*** Opening of Data listing ***
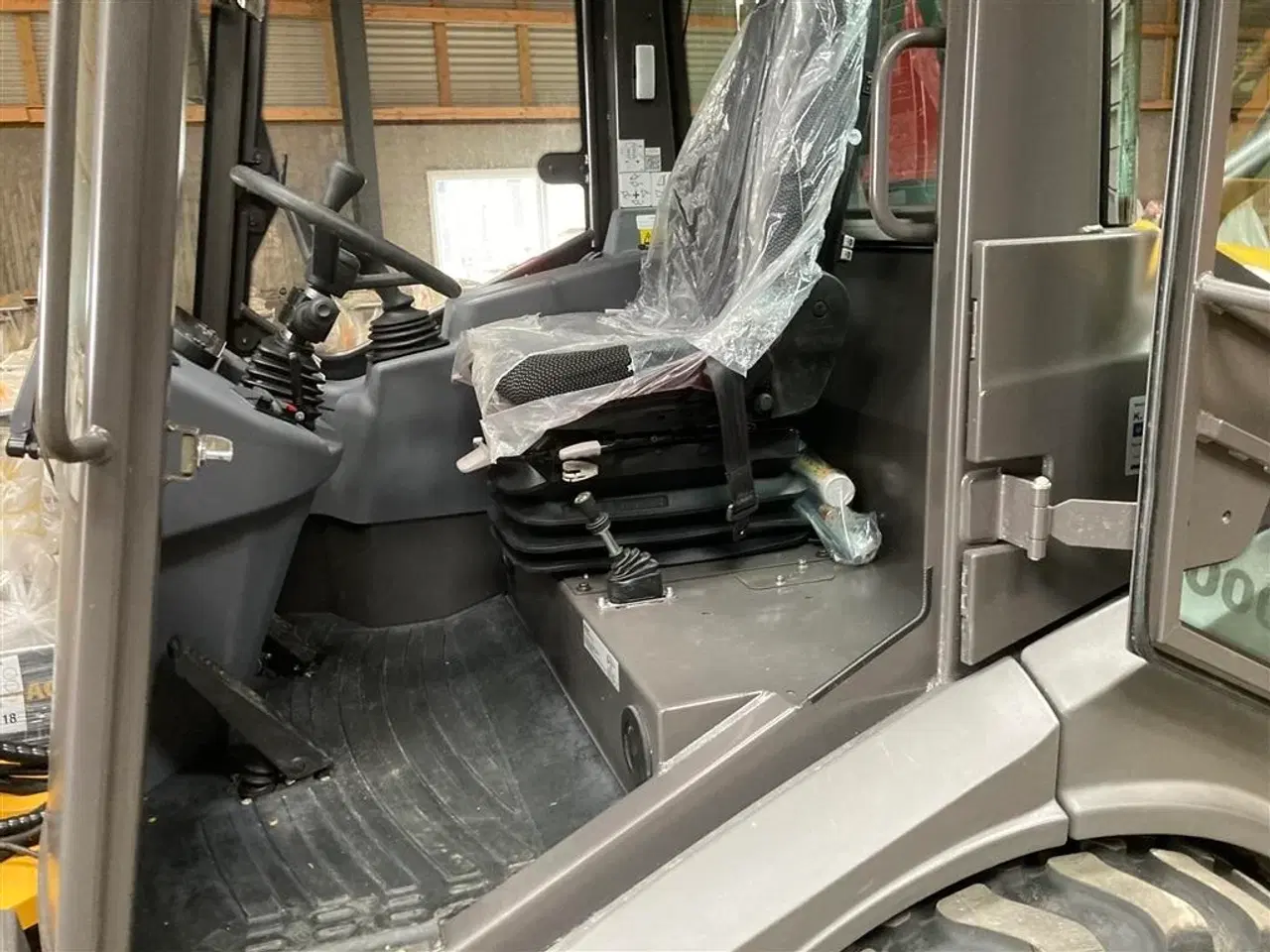 Billede 22 - Mecalac AX 1000 Monobom med hydraulisk hurtigskift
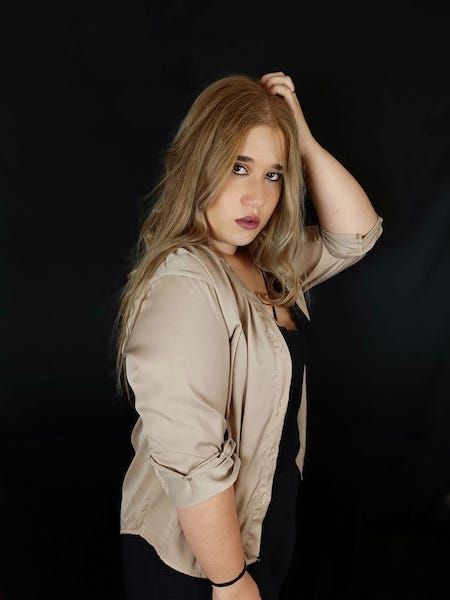 Erena se presenta en EMDT con sus dos primeras canciones: Fenix y Tu Juguete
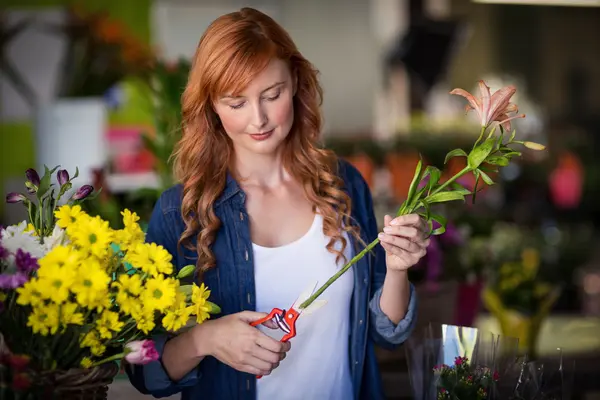Blumenhändler bereitet Blumenstrauß vor — Stockfoto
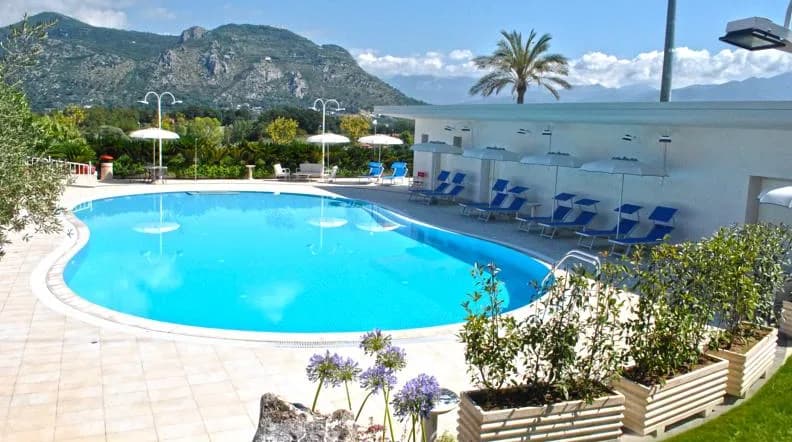Edra Palace Hotel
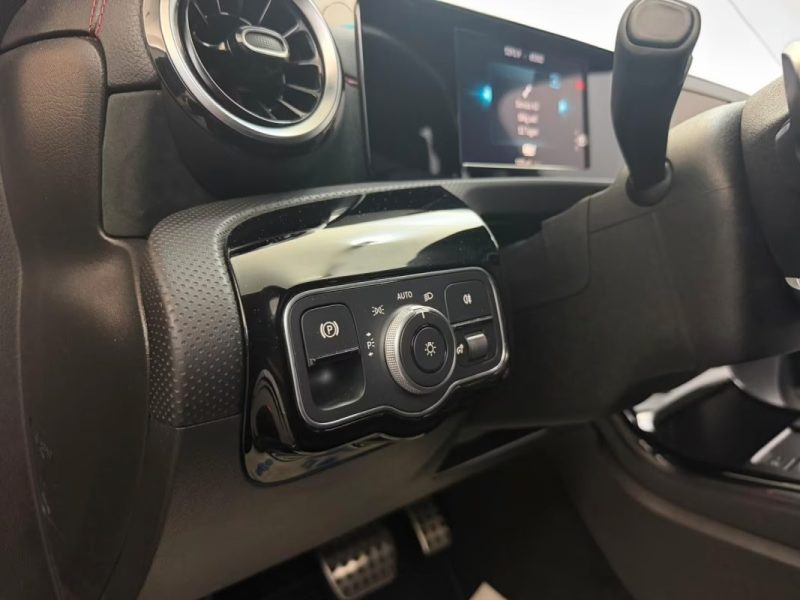 MERCEDES CLA COUPE 250E HYBRIDE 218CH AMG LINE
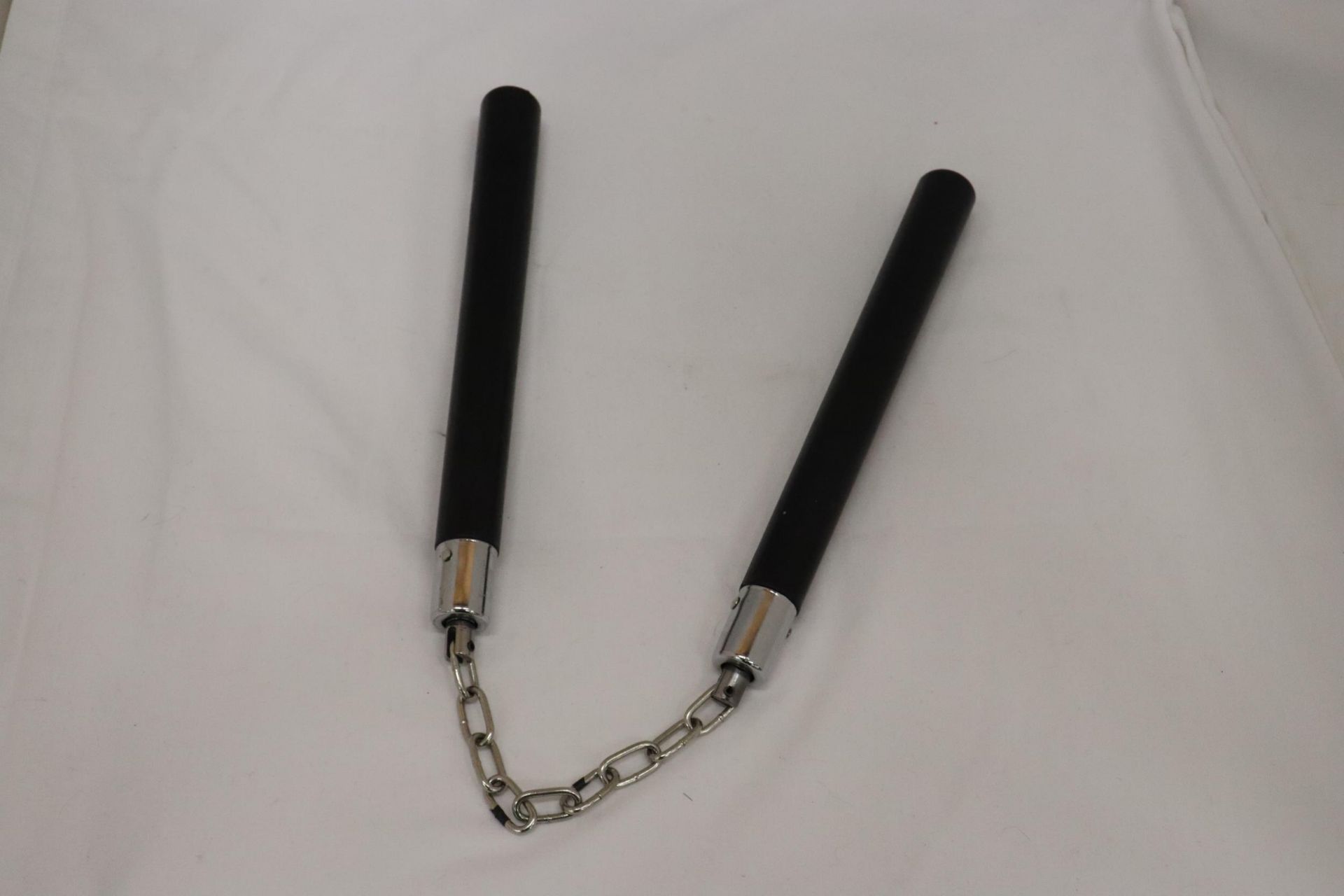 A PAIR OF NUNCHAKU - Image 3 of 4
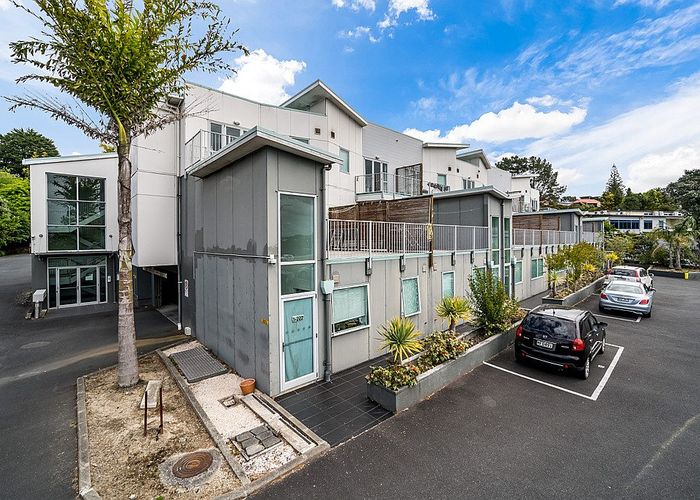  at 1-32/222 Albany Highway, Schnapper Rock, North Shore City, Auckland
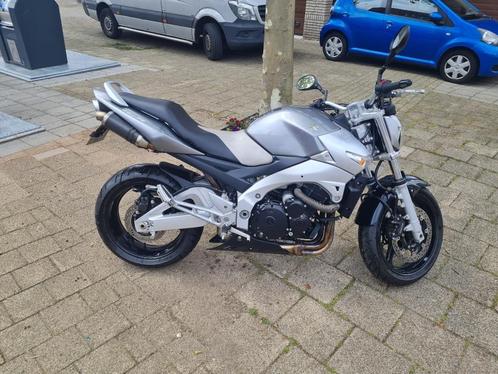 Suzuki gsr 600 bj 2006 slechts 9308 km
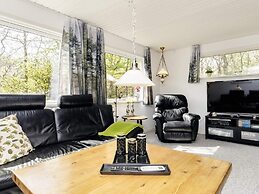 6 Person Holiday Home in Hadsund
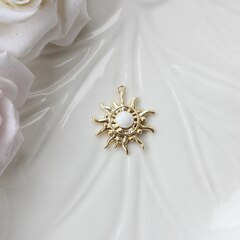 Подвеска Солнце с эмалью, белый, 22*19 мм, позолота, П1031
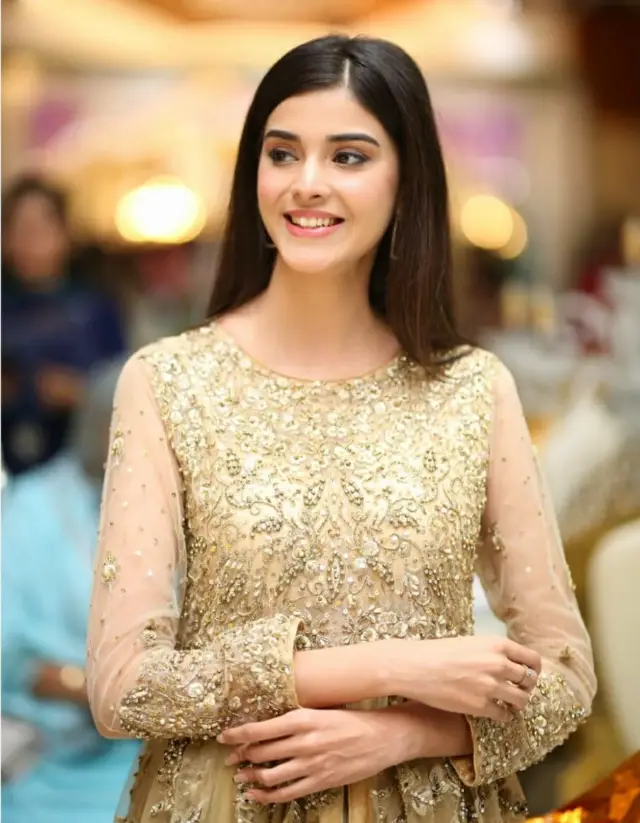 A photo of actress Zainab Shabbir who works as Eman in the drama.
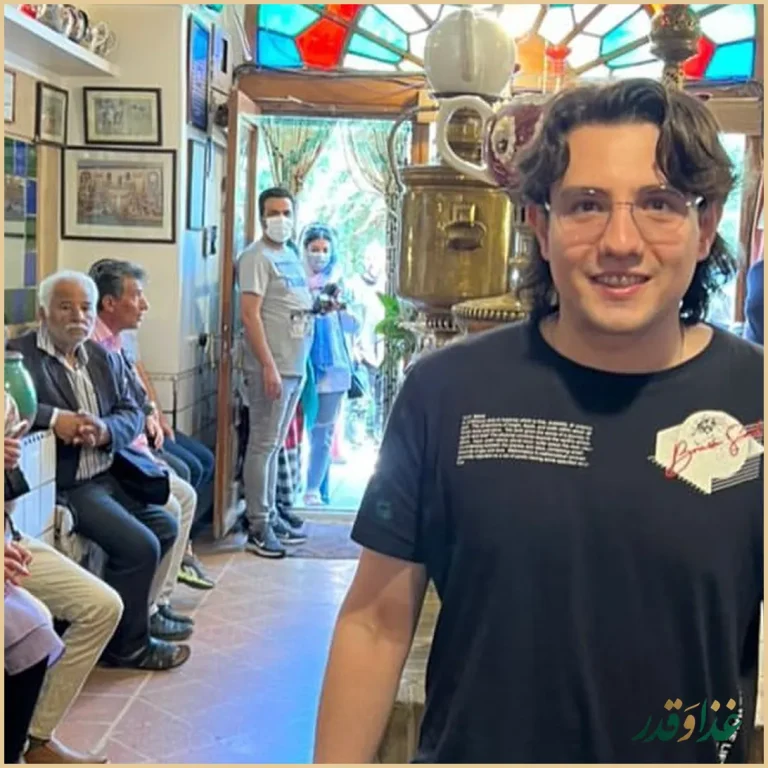 دیزی سرا آذری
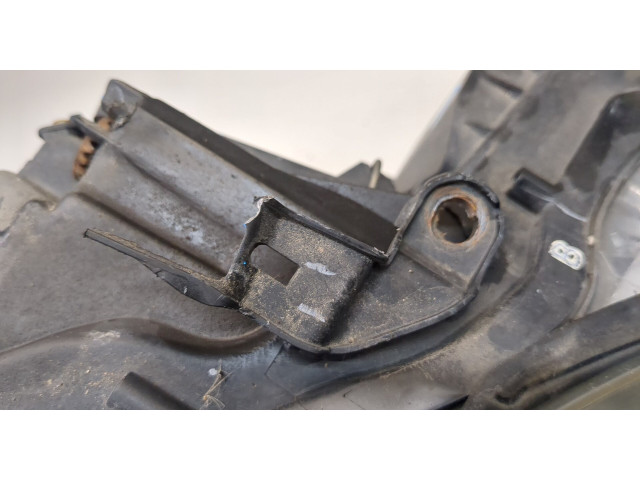 Фара передняя  Lexus IS 2005-2013 правая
*** Close of Data listing ***
**Exercise brief**
Send back every line of the listing exactly. Omit the images.

**Solution**
 Billede 22 - Mecalac AX 1000 Monobom med hydraulisk hurtigskift
 Erena se presenta en EMDT con sus dos primeras canciones: Fenix y Tu Juguete
Blumenhändler bereitet Blumenstrauß vor — Stockfoto
Edra Palace Hotel
 MERCEDES CLA COUPE 250E HYBRIDE 218CH AMG LINE
 A PAIR OF NUNCHAKU - Image 3 of 4
  at 1-32/222 Albany Highway, Schnapper Rock, North Shore City, Auckland
 Suzuki gsr 600 bj 2006 slechts 9308 km
 6 Person Holiday Home in Hadsund
 Подвеска Солнце с эмалью, белый, 22*19 мм, позолота, П1031
 A photo of actress Zainab Shabbir who works as Eman in the drama.
 دیزی سرا آذری
 Фара передняя  Lexus IS 2005-2013 правая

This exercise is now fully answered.